The Jenny is one of America's most famous airplanes. Early versions of the Curtiss biplane were serving the U.S. Army before America's entry into World War I, flying in Mexico on the trail of Pancho Villa in 1916.
The JN-4 version was an extremely popular trainer plane. Scores of American and other Allied pilots learned the skills they would need to "fight the Hun" in this cantankerous training ship. Unable to keep up with the demand for Jennys on their own, the Curtiss design was produced by six other manufacturers.
While never seeing combat, a handful of Jennys were equipped with machine guns and bomb racks for advanced training courses.
A total of 10,900 Jennys were built, including 2,900 in Canada. Britain, France, Spain and Australia received 1,930 of the Curtiss aircraft. Over 500 Jennys even served with the United States Navy and N-9s.
At the end of the war, hundreds of these aircraft were designated surplus -- some still in their unopened packing crates! The Jenny's second life had begun as Americans of the 1920s used the readily available craft as "Barnstormers." The Jenny was used to sell the many Americans "their first airplane ride." While others were used in wild flying stunts and appeared in scores of movies.

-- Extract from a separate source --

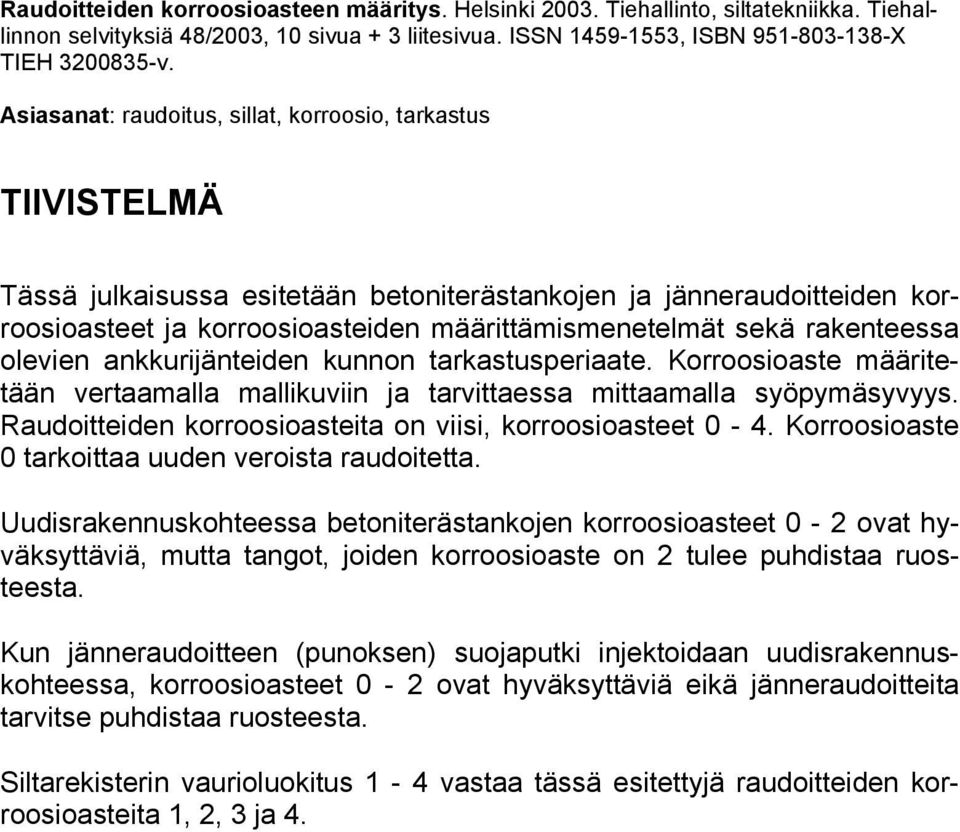 rakenteessa olevien ankkurijänteiden kunnon tarkastusperiaate. Korroosioaste määritetään vertaamalla mallikuviin ja tarvittaessa mittaamalla syöpymäsyvyys.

The Museum of Flight's Jenny was built as an Army plane at the Springfield Aircraft Company in Springfield, Massachusetts in 1917. It was a jumbled mass of battered parts and pieces when Paul and Lucy Whittier of Friday Harbor, Washington purchased it in 1982. The Jenny was lovingly restored from plans and rebuilt using the materials and methods of the era. The project took over 9,500 man-hours to complete.